Looking ahead, part II: It’s hard to say something bad about Jim Thome, who is an all-around good guy and future Hall of Famer (see Eric Fisher’s article, “Class is in session,” written after Thome’s 600th career home run). Thome had to be placed on the disabled list this week, after injuring his back sliding into second base after a walk last Saturday. He may stay there a while. Thome is just 2 for 18 on the season, with no extra base hits. While it’s probably hard for Thome to play frequently in the field, and equally hard for him to get into a hitting groove without regular at bats, the writing seems to be on the wall that Thome’s second stint as a Phillie will likely end the way his first stint did – with Ryan Howard replacing him. It’s nearly impossible to fathom the team parting company with Ty Wigginton, Laynce Nix or Juan Pierre. Unless John Mayberry (0 HR, 2 RBI, .218 avg in 55 AB’s) is optioned to AAA to make room for Howard – which is a distinct possibility despite Mayberry’s value as a right-handed platoon/bench bat – the only other logical move for Howard’s activation is Thome’s release or retirement. Stay tuned.
Looking ahead, part III: The Phillies will try to avoid the sweep and end the 7-game losing skid to Washington with a more fair fight on the mound – with Cole Hamels facing Jordan Zimmermann. If the Phillies lose, they will fall the furthest out of first place that they have been this season (6.5 games – a place they haven’t been since July 22, 2010).
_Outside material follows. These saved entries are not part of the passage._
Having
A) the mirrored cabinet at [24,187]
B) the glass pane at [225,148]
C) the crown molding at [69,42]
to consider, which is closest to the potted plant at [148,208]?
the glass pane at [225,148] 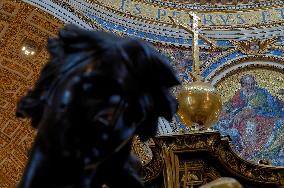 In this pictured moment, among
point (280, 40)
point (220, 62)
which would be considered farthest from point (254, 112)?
point (280, 40)

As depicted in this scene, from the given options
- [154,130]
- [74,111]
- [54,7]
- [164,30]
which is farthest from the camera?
[164,30]

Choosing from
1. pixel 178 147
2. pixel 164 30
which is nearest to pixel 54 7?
pixel 164 30

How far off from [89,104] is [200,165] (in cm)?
149

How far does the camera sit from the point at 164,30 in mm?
8477

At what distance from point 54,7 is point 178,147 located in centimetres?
Result: 547

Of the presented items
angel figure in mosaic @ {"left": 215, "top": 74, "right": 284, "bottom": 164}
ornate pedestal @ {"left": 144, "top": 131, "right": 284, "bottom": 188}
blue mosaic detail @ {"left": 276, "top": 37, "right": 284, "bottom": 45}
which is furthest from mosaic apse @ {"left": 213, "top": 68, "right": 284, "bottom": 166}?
ornate pedestal @ {"left": 144, "top": 131, "right": 284, "bottom": 188}

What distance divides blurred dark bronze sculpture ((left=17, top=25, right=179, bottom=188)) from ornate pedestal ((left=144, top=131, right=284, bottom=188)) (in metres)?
1.28

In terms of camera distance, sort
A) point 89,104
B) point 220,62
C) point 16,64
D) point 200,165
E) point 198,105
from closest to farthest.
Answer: point 89,104, point 200,165, point 198,105, point 16,64, point 220,62

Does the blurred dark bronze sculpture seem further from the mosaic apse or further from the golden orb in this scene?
the mosaic apse

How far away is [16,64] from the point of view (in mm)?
8039

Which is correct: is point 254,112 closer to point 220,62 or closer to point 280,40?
point 220,62

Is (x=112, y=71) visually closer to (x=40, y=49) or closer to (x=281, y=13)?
(x=40, y=49)

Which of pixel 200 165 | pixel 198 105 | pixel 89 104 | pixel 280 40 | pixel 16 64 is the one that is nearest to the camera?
pixel 89 104

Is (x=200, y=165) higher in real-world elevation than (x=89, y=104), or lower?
lower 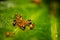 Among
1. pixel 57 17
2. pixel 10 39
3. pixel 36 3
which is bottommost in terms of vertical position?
pixel 10 39

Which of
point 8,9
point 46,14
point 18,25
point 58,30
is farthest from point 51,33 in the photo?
point 8,9

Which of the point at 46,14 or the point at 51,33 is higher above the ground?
the point at 46,14

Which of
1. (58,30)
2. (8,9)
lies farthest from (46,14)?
(8,9)

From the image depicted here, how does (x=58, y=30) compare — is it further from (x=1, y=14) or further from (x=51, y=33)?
(x=1, y=14)

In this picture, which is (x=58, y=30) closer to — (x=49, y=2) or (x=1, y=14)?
(x=49, y=2)

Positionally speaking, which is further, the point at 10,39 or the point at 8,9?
the point at 8,9

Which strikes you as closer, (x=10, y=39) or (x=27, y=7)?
(x=10, y=39) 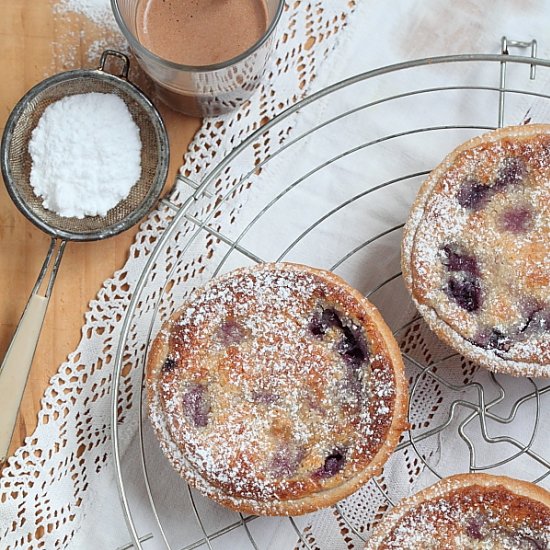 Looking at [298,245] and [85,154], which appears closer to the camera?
[85,154]

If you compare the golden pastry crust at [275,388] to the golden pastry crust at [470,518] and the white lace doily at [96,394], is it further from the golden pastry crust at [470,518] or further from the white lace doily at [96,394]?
the white lace doily at [96,394]

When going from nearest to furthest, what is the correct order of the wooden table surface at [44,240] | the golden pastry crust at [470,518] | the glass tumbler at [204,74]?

The Phillies will also be trying to salvage a .500 road trip against their top rivals in the NL East. Monday night kicks off a 3-game set with the visiting Mets, and after a home off-day Thursday, the Phillies close out their season series with the Padres, then finish up the 8-game homestand with a pair against the Astros the following Monday and Tuesday. The Phils’ 3 guests are all very beatable teams, and it’s imperative that the Phillies take advantage and post a winning record, especially with 2 outings each from Halladay and Lee in those 8 games.